Exercise
Keeping every word the same, give again only the lines from the one with "235/45R17 97W XL Grip Peak 4S (872086) - 2" through the end of the data, both included, and leave every picture out.

Data for analysis

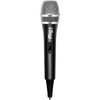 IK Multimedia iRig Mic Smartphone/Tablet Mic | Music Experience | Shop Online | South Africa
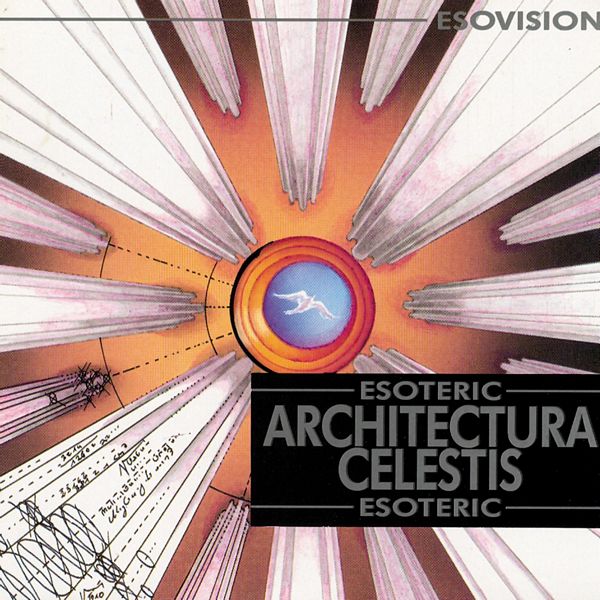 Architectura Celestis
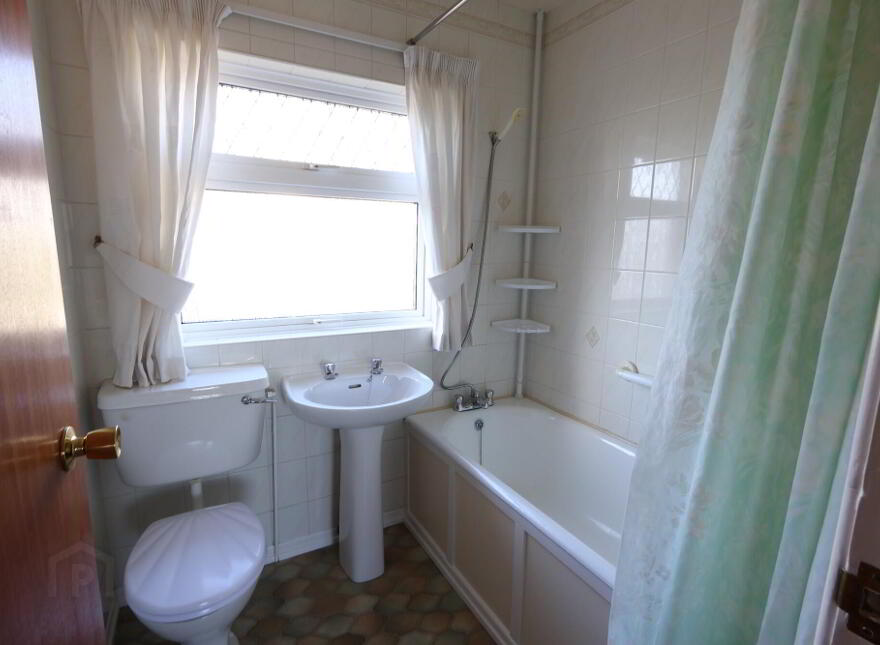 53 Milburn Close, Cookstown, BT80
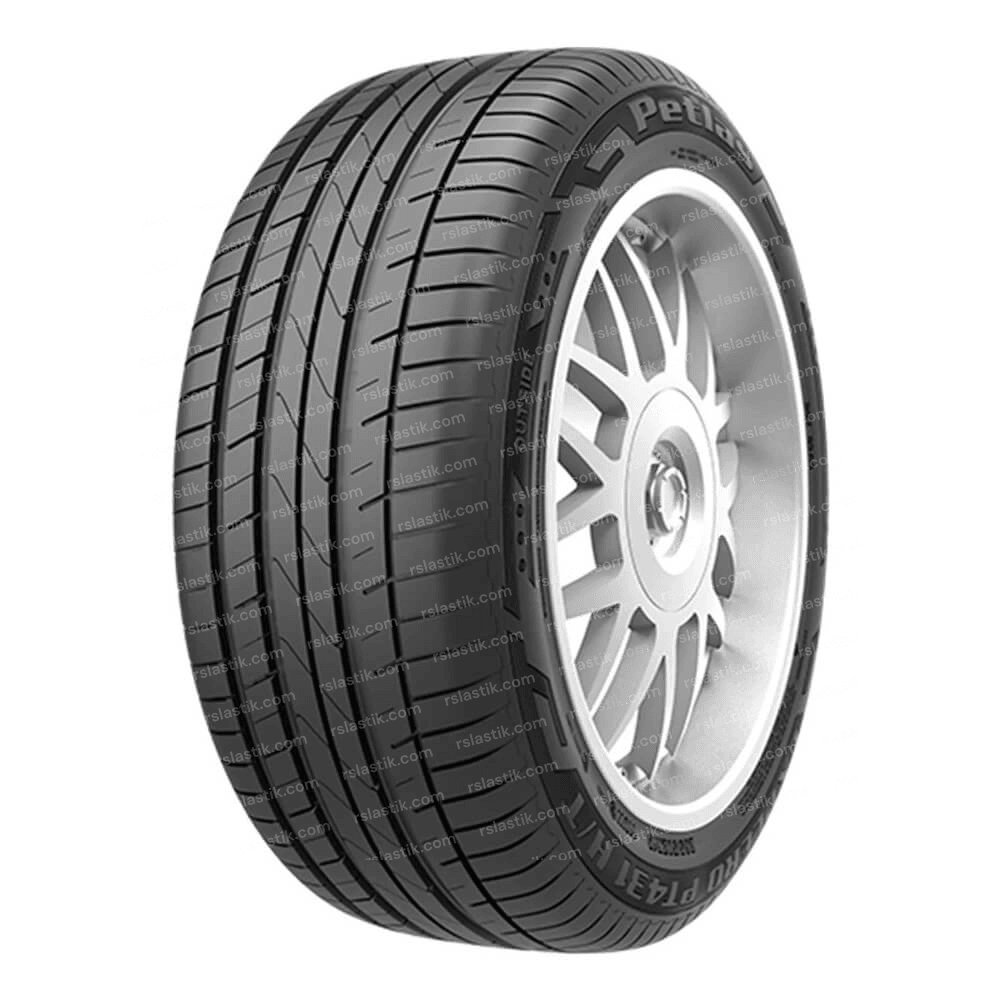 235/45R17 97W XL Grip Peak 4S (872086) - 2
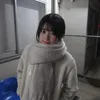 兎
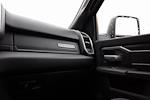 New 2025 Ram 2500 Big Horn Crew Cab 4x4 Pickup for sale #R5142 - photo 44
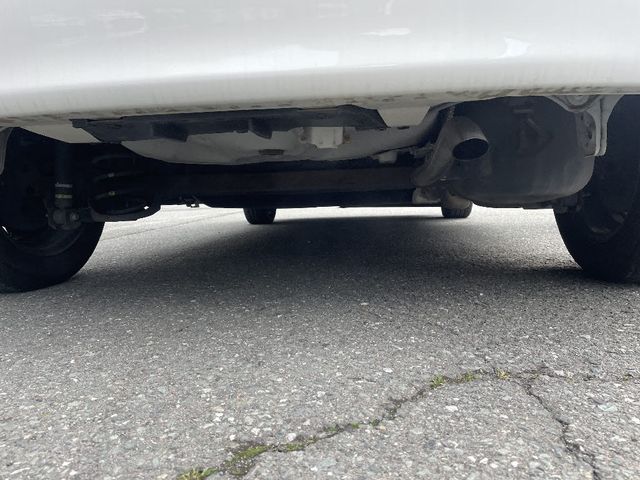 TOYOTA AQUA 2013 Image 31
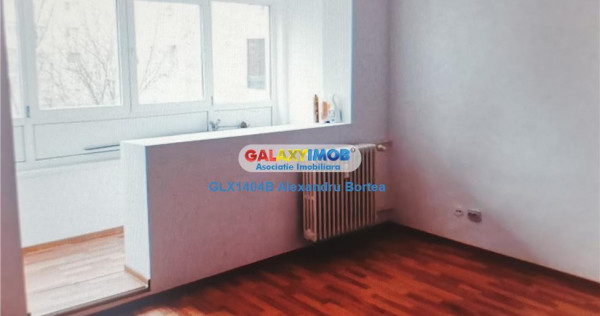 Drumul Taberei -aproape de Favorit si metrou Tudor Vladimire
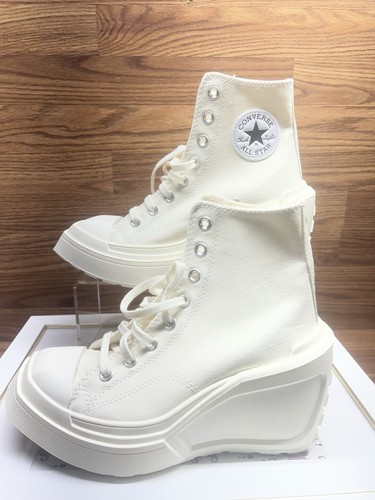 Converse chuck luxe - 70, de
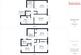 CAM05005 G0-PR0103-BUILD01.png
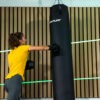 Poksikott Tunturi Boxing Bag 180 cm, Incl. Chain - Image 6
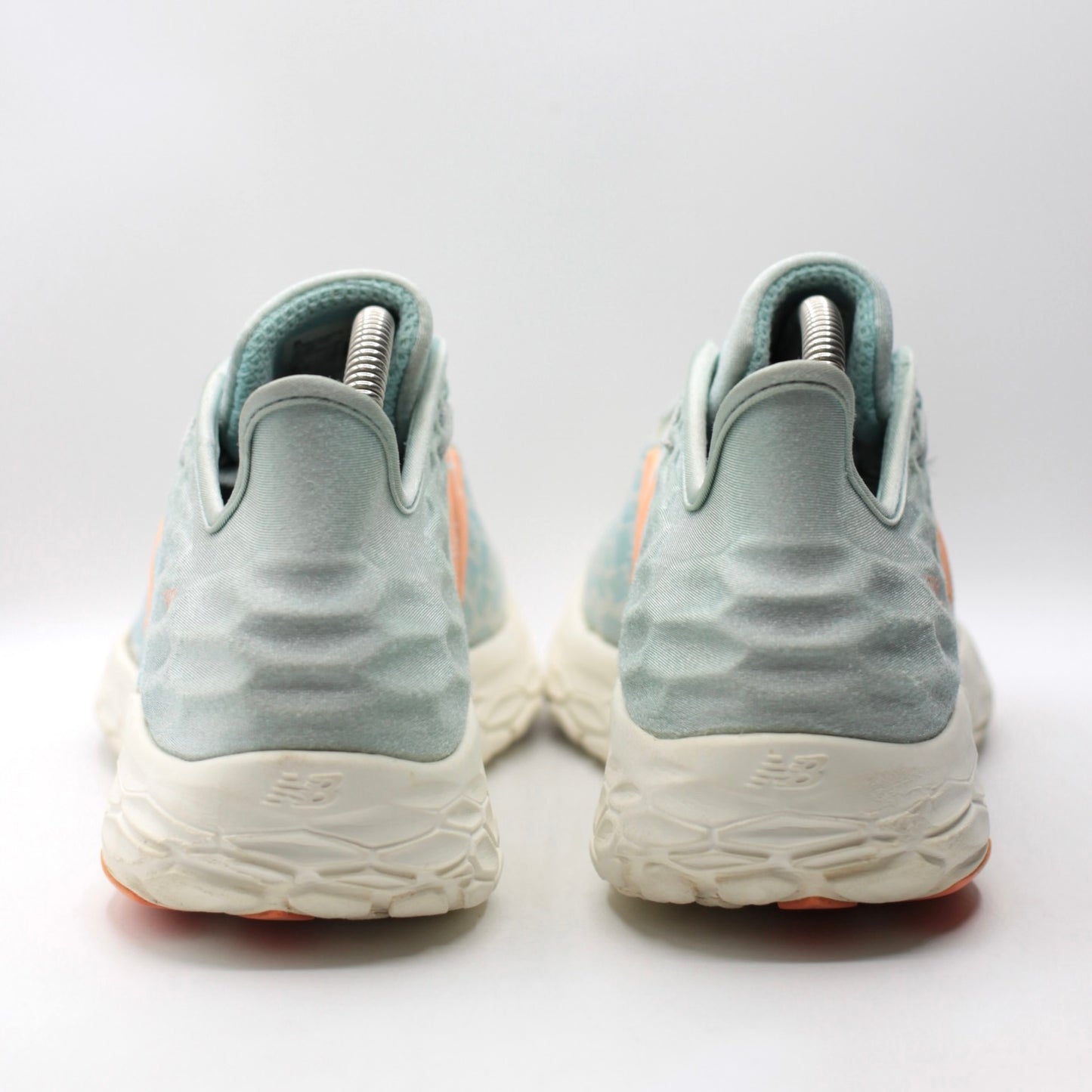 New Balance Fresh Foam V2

Written solution
 235/45R17 97W XL Grip Peak 4S (872086) - 2
 兎
 New 2025 Ram 2500 Big Horn Crew Cab 4x4 Pickup for sale #R5142 - photo 44
 TOYOTA AQUA 2013 Image 31
 Drumul Taberei -aproape de Favorit si metrou Tudor Vladimire
 Converse chuck luxe - 70, de
 CAM05005 G0-PR0103-BUILD01.png
 Poksikott Tunturi Boxing Bag 180 cm, Incl. Chain - Image 6
 New Balance Fresh Foam V2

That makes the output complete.